Count the lines of data below that include "Centro". Provide only the number.

---- DATASET EXTRACT

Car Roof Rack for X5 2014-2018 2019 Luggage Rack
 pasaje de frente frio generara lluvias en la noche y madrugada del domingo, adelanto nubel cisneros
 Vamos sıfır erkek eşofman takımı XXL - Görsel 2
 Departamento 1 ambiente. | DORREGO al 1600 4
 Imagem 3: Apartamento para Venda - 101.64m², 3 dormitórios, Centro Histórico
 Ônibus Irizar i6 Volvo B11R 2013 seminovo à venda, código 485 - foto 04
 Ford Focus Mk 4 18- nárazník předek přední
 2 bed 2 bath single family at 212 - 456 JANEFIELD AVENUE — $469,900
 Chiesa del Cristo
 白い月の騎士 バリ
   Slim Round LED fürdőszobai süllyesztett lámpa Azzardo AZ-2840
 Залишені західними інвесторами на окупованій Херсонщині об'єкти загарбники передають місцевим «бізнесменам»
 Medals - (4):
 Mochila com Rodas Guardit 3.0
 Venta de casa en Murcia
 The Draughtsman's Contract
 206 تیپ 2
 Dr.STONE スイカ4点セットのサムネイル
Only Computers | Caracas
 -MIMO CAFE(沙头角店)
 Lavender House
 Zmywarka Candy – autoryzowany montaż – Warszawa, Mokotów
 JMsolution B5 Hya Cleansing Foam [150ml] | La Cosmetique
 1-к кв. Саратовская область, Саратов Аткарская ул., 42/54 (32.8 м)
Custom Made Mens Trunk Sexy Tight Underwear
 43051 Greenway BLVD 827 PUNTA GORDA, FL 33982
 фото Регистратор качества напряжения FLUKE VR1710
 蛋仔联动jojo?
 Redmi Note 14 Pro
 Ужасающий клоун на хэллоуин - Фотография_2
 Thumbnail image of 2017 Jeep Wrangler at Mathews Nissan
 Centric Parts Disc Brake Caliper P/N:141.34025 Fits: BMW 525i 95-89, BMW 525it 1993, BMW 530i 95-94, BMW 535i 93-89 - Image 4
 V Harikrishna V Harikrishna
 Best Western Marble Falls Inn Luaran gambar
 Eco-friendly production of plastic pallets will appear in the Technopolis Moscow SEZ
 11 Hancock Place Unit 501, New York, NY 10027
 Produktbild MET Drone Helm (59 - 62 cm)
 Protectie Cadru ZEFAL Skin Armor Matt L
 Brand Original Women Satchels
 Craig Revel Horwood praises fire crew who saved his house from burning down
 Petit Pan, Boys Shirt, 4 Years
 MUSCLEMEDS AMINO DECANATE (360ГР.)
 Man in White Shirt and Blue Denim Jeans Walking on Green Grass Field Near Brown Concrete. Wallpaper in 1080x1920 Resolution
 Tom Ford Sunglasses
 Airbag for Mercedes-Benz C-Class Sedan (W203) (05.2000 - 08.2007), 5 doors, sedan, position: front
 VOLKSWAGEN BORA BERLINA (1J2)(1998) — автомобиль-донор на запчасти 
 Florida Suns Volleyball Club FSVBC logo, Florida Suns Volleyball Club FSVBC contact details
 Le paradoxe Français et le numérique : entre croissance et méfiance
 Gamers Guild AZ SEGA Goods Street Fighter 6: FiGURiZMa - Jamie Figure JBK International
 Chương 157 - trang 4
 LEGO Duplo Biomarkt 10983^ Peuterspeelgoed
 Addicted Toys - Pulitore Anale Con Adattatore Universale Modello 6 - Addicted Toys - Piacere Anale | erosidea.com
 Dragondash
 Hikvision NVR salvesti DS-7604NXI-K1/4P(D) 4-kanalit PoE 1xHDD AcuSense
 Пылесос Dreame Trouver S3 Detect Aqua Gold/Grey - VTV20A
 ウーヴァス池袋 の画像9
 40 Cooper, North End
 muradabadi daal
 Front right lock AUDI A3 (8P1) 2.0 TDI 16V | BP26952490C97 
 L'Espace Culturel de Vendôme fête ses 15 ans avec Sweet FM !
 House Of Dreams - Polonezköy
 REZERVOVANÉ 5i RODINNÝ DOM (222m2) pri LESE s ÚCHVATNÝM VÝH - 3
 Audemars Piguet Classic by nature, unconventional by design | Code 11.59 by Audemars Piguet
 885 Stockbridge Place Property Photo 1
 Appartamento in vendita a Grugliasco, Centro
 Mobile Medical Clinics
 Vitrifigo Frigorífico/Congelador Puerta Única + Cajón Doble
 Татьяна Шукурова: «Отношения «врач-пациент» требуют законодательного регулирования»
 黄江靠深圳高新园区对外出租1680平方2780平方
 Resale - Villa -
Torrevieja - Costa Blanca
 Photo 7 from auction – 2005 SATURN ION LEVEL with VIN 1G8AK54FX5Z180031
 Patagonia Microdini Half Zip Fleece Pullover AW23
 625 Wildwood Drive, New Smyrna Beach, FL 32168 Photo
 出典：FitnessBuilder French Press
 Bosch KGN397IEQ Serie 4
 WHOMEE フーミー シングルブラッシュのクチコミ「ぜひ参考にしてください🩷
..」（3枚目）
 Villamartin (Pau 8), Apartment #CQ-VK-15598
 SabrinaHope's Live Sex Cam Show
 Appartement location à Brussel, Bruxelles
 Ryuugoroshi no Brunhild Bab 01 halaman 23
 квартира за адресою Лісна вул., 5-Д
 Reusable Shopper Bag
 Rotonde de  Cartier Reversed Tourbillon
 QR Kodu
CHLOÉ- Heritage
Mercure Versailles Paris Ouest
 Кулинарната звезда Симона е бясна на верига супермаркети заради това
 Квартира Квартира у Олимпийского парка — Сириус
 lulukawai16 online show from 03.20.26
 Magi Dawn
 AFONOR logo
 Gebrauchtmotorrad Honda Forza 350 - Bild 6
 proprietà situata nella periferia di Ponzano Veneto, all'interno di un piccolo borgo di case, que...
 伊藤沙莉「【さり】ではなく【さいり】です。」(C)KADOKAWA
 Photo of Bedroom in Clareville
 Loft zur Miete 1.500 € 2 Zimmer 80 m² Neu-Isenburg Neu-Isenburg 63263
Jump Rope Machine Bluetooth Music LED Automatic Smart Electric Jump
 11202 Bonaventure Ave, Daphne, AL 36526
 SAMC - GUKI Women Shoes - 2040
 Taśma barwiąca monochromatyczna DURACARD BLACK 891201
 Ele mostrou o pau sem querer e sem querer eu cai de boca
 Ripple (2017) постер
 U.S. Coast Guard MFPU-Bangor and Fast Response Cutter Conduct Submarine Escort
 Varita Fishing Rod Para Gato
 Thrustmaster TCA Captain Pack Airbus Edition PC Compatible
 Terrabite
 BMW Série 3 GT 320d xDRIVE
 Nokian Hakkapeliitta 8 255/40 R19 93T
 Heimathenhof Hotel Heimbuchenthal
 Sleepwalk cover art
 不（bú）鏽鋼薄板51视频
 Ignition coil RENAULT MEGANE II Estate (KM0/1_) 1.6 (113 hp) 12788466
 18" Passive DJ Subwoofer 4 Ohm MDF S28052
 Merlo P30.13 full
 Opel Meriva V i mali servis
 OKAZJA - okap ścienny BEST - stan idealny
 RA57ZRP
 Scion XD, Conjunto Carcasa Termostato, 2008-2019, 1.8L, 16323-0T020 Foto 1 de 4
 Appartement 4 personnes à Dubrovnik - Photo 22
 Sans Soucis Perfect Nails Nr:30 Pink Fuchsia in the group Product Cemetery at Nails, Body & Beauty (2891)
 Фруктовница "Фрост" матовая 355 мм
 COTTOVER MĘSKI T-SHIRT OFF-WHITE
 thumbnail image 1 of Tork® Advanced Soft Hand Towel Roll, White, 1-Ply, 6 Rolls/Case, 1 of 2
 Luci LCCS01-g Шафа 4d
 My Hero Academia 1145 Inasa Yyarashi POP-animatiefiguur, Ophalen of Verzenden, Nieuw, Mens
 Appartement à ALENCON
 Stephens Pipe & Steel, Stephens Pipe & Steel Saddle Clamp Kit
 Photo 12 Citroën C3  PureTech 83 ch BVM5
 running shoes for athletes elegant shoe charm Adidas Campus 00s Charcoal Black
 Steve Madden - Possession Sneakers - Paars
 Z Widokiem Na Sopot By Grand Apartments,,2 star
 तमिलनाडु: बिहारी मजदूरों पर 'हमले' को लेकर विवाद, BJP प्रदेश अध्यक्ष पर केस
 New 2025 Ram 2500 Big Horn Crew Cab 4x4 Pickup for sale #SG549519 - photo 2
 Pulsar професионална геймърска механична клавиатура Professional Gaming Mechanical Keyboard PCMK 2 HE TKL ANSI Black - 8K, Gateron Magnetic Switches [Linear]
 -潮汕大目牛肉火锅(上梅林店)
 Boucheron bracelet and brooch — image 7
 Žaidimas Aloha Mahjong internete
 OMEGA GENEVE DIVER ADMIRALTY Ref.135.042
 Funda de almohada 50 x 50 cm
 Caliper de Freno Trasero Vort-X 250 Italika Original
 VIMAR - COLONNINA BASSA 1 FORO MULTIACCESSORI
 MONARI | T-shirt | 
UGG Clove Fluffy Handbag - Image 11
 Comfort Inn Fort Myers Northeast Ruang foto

--------

**OUTPUT OF THE EXERCISE**
2